No-Fuss Beef Lasagna

0
28

Ingredients

  • 1 pound ground beef
  • 1/4 teaspoon salt
  • 1 jar (26 to 30 ounces) spaghetti sauce
  • 1 can (14-1/2 ounces) Italian-style diced tomatoes, undrained
  • 1/4 teaspoon ground red pepper
  • 1 carton (15 ounces) ricotta cheese
  • 1/4 cup grated Parmesan cheese
  • 1 egg, slightly beaten
  • 15 uncooked  oven-ready lasagna noodles
  • 2-1/2 cups shredded mozzarella cheese

Directions

Heat oven to 375°. Brown ground beef in large nonstick skillet over medium heat 8 to 10 minutes or until beef is not pink, breaking up into small crumbles.
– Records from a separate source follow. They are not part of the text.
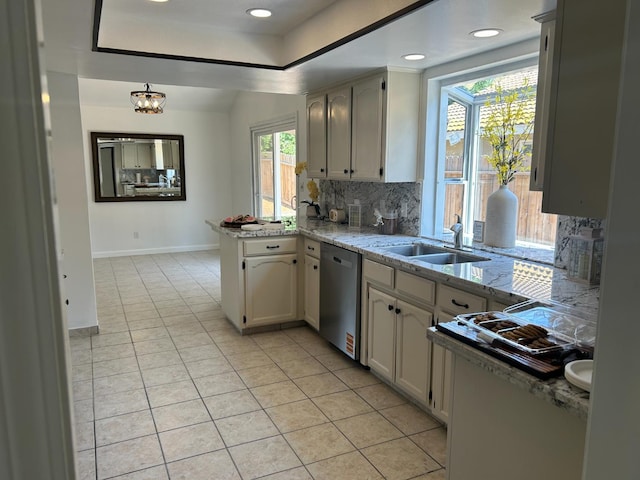 6536 N Tracy Ave, Fresno, CA 93722 - kitchen featuring dishwasher, decorative backsplash, a peninsula, light tile patterned flooring, and a raised ceiling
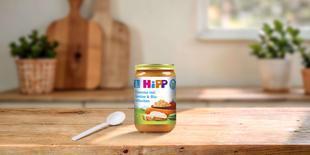 HiPP Bio-Gläschen Couscous mit Gemüse & Bio-Hühnchen ab 8. Monat auf Holztisch mit Löffel in heller Küche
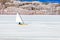 Ice-boat sailing frozen Lake Laberge Yukon Canada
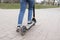 Girl riding a electric scooter in the park road. Technological eco-friendly transport. Modern active lifestyle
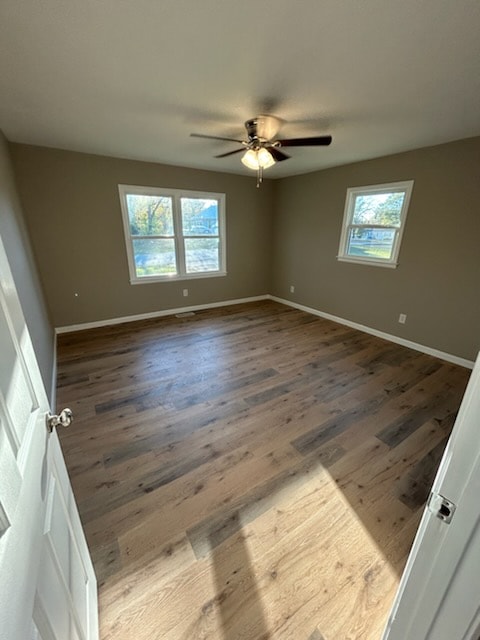 spare room featuring ceiling fan and dark hardwood / wood-style floors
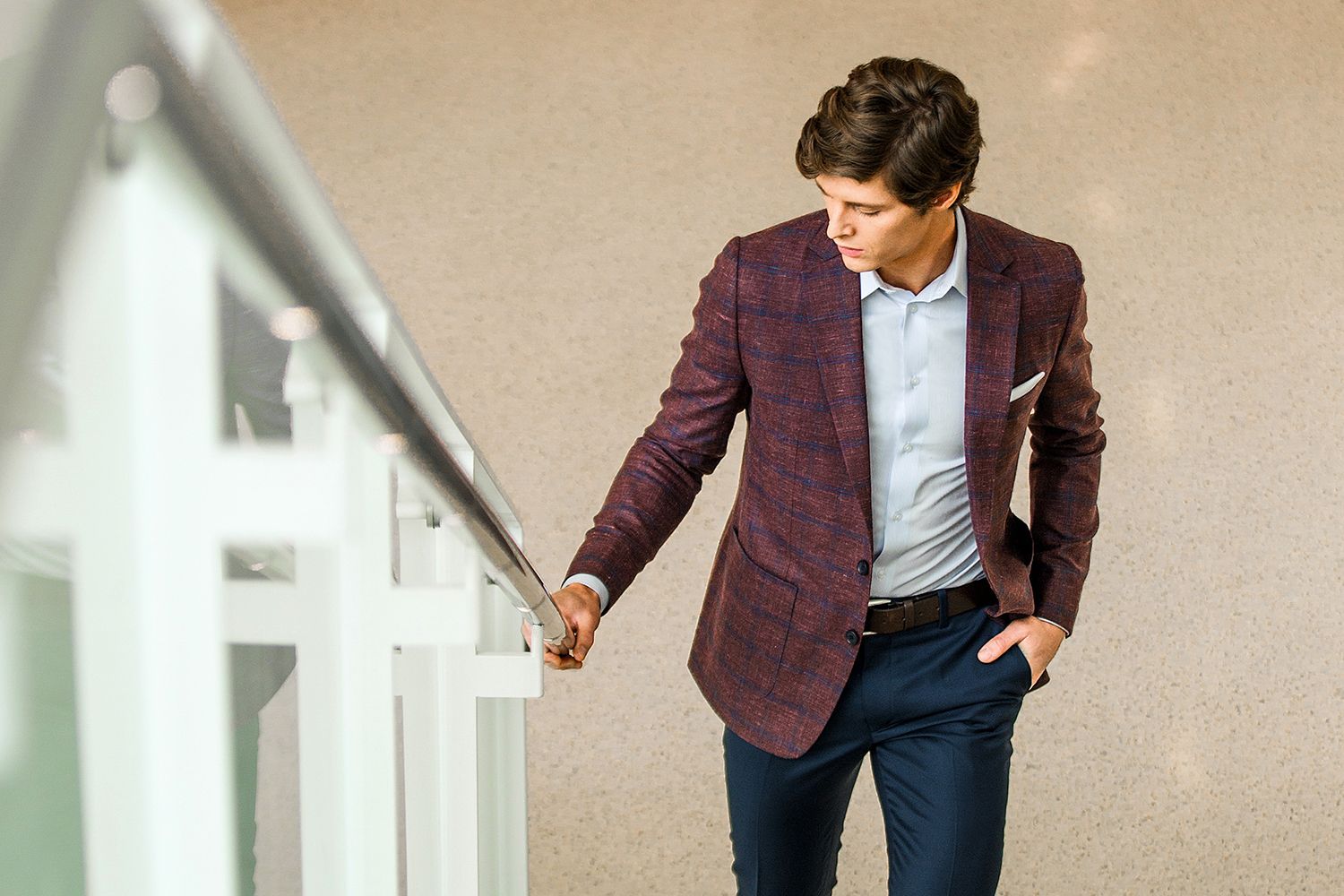 A man in a suit is standing on a set of stairs.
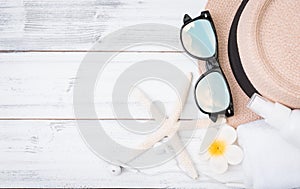 Summer background,straw hat ,towel,ear phone and sunglasses with star fish on white wood table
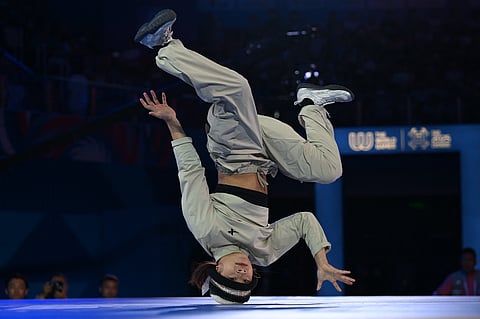 China’s Guo Pu, also known as Royal, competes against France’s Sya Dembele in the women’s breaking b-girls semi-final battle during the 2025 World Games at the Chengbei Gymnasium in Chengdu, in China's southwestern Sichuan province on August 17, 2025.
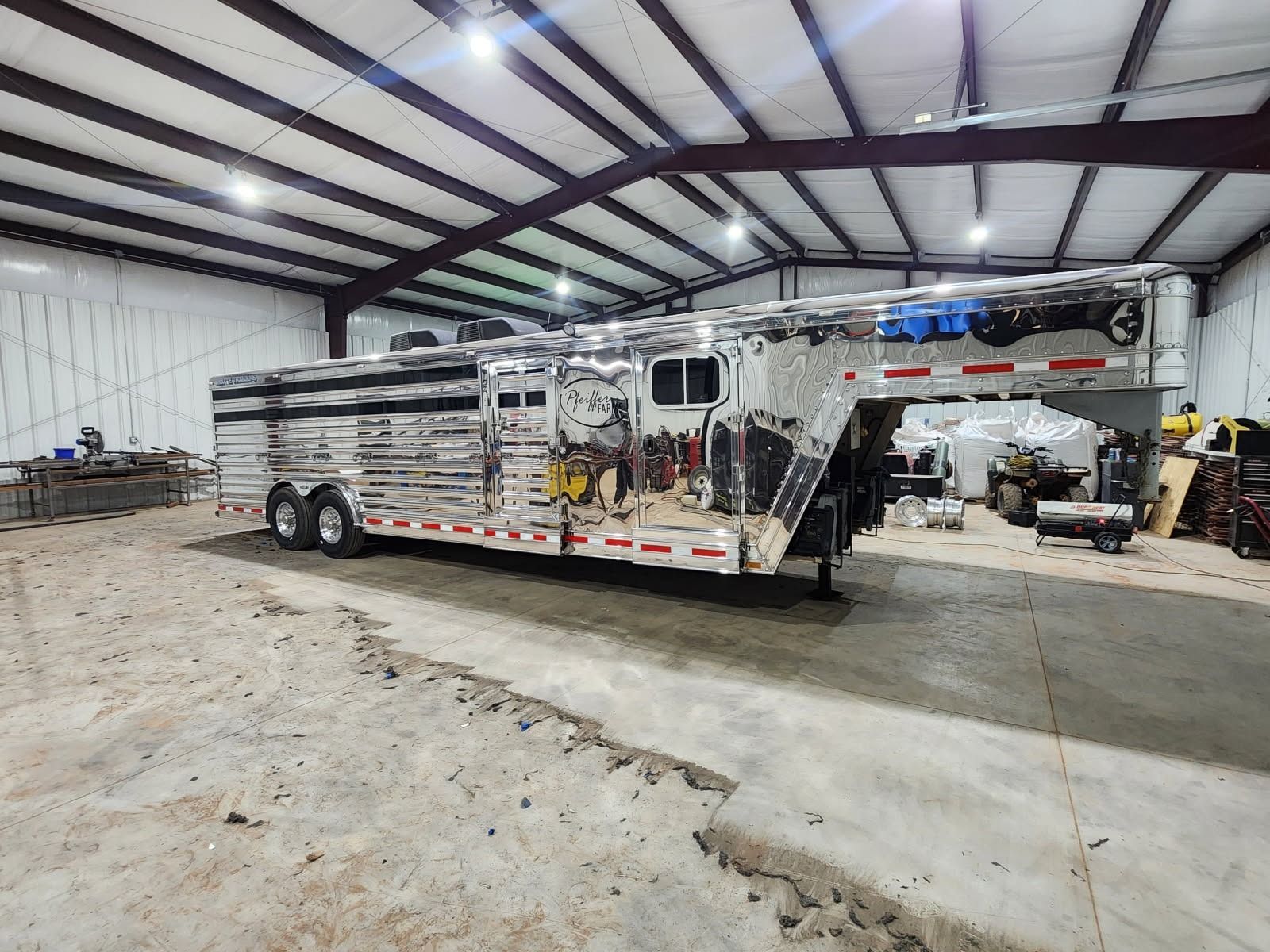 A large, shiny horse trailer inside a workshop. The trailer is silver and black, with a high roof, parked on a concrete floor.
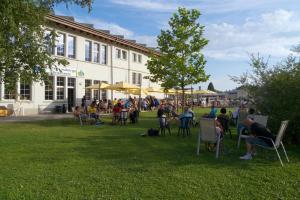 eine Gruppe von Personen, die vor einem Gebäude auf Stühlen sitzen in der Unterkunft Swiss Hostel Lago Lodge in Biel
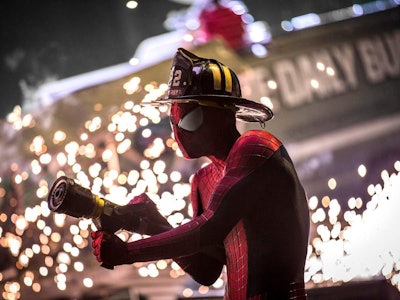 Andrew Garfield wearing a firefighter hat as Spiderman 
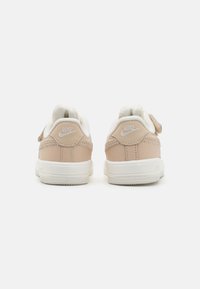 Beige Nike-sneakers med vita detaljer, läderöverdel, sydda detaljer och rem med krok och ögla. Texturerad sula för grepp.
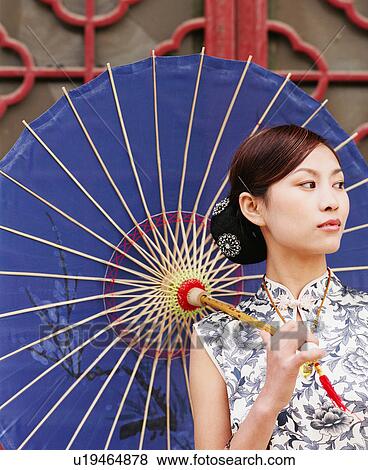 Stock Photo - Close-up of a young woman holding a parasol and looking sideways. Fotosearch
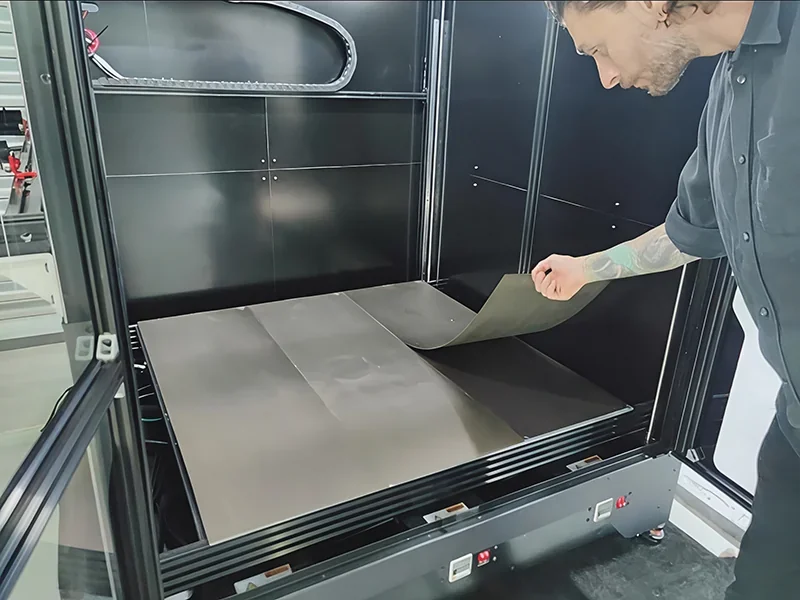 Modix Big Meter 3D printer with open chamber, a person adjusts the flexible metal print bed, showcasing large build volume and machine operations.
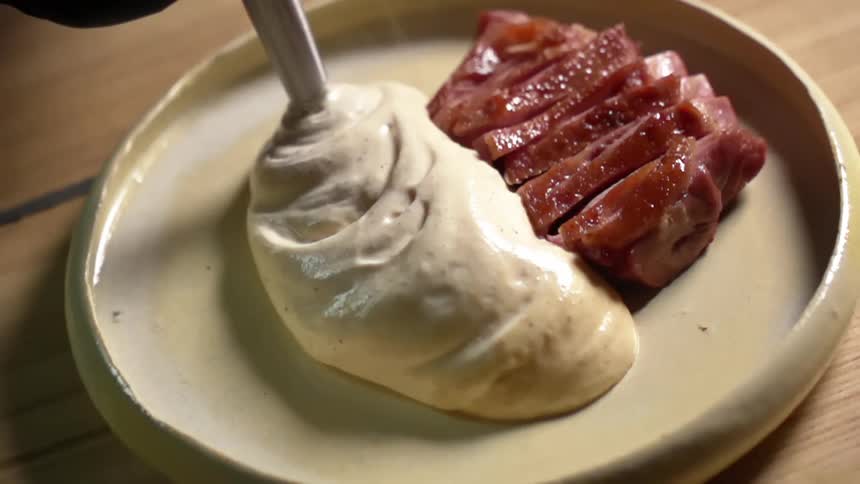 Cream being squeezed from a piping bag onto a plate containing slices of sliced meat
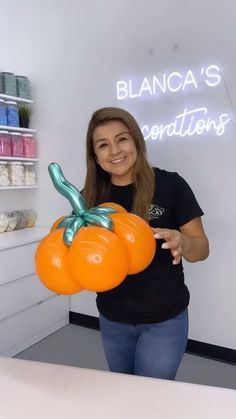 a woman holding an orange balloon in front of a white wall with the words blanca's creations on it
Pour off drippings; season with salt. Stir in spaghetti sauce, tomatoes and red pepper. Combine ricotta cheese, Parmesan cheese and egg in medium bowl. Spread 2 cups beef sauce in bottom of 13 x 9-inch baking dish. Top with 4 noodles, arranged lengthwise in single layer; place fifth noodle crosswise at end of dish, breaking noodle to fit. Press noodles lightly into sauce. Spread half the ricotta mixture over noodles. Sprinkle with 1 cup mozzarella cheese; top with 1-1/2 cups beef sauce. Top with 5 more noodles in single layer; press into sauce. Top with 1 1/2 cups of beef sauce. Spread with remaining ricotta mixture. Sprinkle with 1 cup of mozzarella cheese, top with 1 1/2 cups of beef sauce. Layer remaining noodles, top with remaining sauce. Bake in 375° oven 90 minutes or until noodles are tender. Sprinkle with remaining 1/2 cup mozzarella cheese. Let stand 15 minutes.